When I was at the AI + Physics workshop at CUNY, Marcelo Guzman’s talk introduced an interesting conceptual framework: double optimization problems.

Guzman’s talk was on physical learning: learning that doesn’t happen on a computer (like with neural networks), but on some other substrate (in his case, he was studying resistor circuits). A motivating force behind the physical learning paradigm is that rather than having to rely on GPUs, we can have the laws of physics do some of the computation for us.

The idea behind “double optimization” is that physical learning can be divided into two separate optimization processes:

  1. Given a current input voltage, the network itself (via the laws of physics) is performing an optimization problem over the voltages of the nodes such that the power is minimized across the network.

  2. We, the controllers, shift the conductances of the network so that over time the physical network learns to embody the desired function that we want it to compute.

The important story here seemed to be two details: (1) that we get the first optimization “for free” and (2) there is a separation of time scales between the two optimization processes (equilibrating in response to external voltage happens on a much shorter time scale than adjusting the conductances to learn the target function).

Physical Hessian

Figure from Guzman 2025

The meat of Guzman’s talk is that the optimization landscapes of the two optimization problems (as can be mathematically represented by their respective Hessians) are intimately related to each other.
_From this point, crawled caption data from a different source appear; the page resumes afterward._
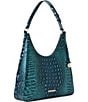 BRAHMIN Melbourne Collection Blue Patina Tabitha Shoulder Bag, Color:Blue Patina - Image 4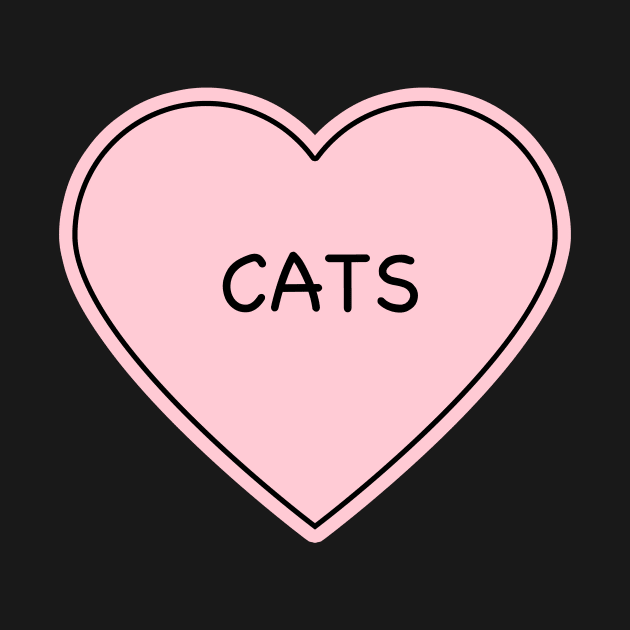 Cat Love Pink Heart Pattern by Sizzlinks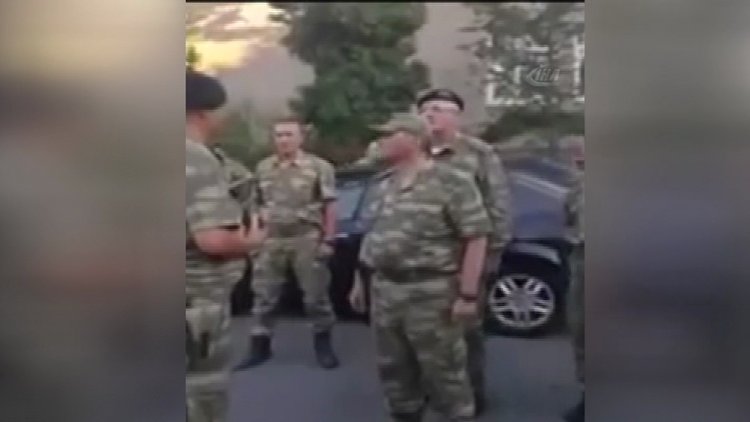 Darbeci albayın ilginç isteği görüntüye yansıdı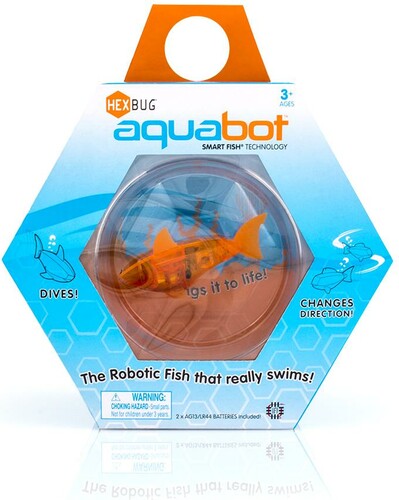 HEXBUG HEXBUG aquabot (poisson) avec bocal couleurs variées 807648029147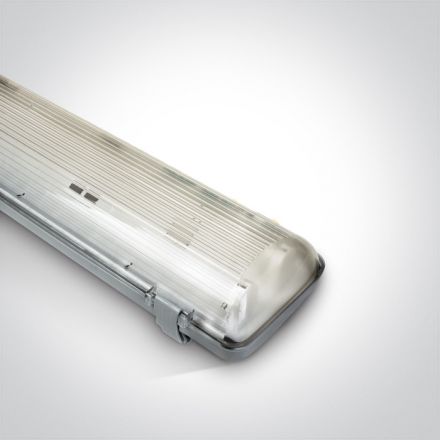 One Light Φωτιστικό Σκαφάκι LED 2xT8 60cm Γκρι IP65 100-240V PC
I like the double-optimization framework because it seems quite general. I have recently been learning some reinforcement learning and it also features a double optimization problem.
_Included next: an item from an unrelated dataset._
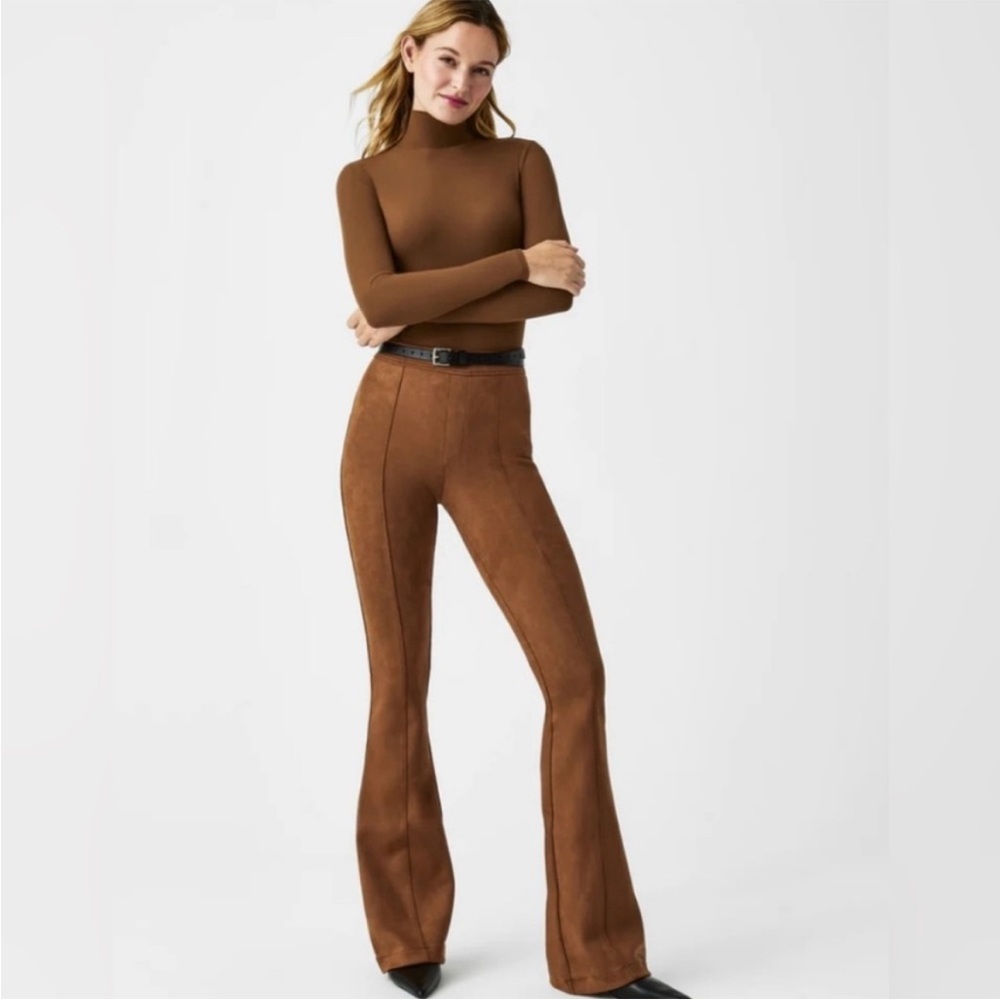 SPANX Brown Wide Leg Jumpsuit with Flared Design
In brief: Reinforcement learning is the study of how agents learn to maximize long-term rewards by way of short-term actions. Two fundamental objects in reinforcement learning are the policy (the function that dictates which actions the agent will take in any given state) and the value function (the function that says, given the agent’s current behavioral policy, how good visiting a given state will be for the agent in the long run).
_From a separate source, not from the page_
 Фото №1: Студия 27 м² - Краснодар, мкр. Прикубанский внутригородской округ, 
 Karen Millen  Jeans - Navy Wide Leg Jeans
Where double optimization comes into play is how the agent learns to update its policy to become more optimal over time. In a class of reinforcement models called actor-critic models (these have a neural network tasked with learning the policy [the actor] and a separate neural network for learning the value function [the critic]), the idea is that given a current policy, you estimate the value function of that policy by having your agent act in accordance with the policy and observing what happens. You then update your policy so that actions that do better than expected for that state (called having a positive advantage) are performed more often, while actions that do worse than the average for that state (negative advantage) are performed less often. You then estimate the value function for your new policy, rinse and repeat, until (hopefully) your policy is globally optimal in the space of all possible policies.

Big Picture RL

Figure from Sun 2024

One of the difficulties is that the value function for a given policy is actually non-trivial to calculate. Its technical definition is that it’s the expected value of the cumulative reward (often exponentially discounted) conditional on starting in that state. This is an expectation with respect to a very complicated measure; for episodes (sequences of states) of reasonable length, you will soon be overwhelmed by combinatorial explosion.

So there is a double-optimization problem: given a policy, you have to perform an optimization problem to estimate the value function. And given a value function, you have to use that to update your policy. But what’s interesting about the reinforcement learning setting is that you don’t have the clean time-scale separation as you do with the physical networks. Instead, it seems that what reinforcement algorithms do is that instead of attempting to calculate the value function for a policy exactly (which would take forever), they approximate it through sampling and bootstrapping from their previous value estimates. So rather than alternating optimization problems, it’s instead two coupled, concurrent optimization problems that hopefully are balanced in such a way that everything converges.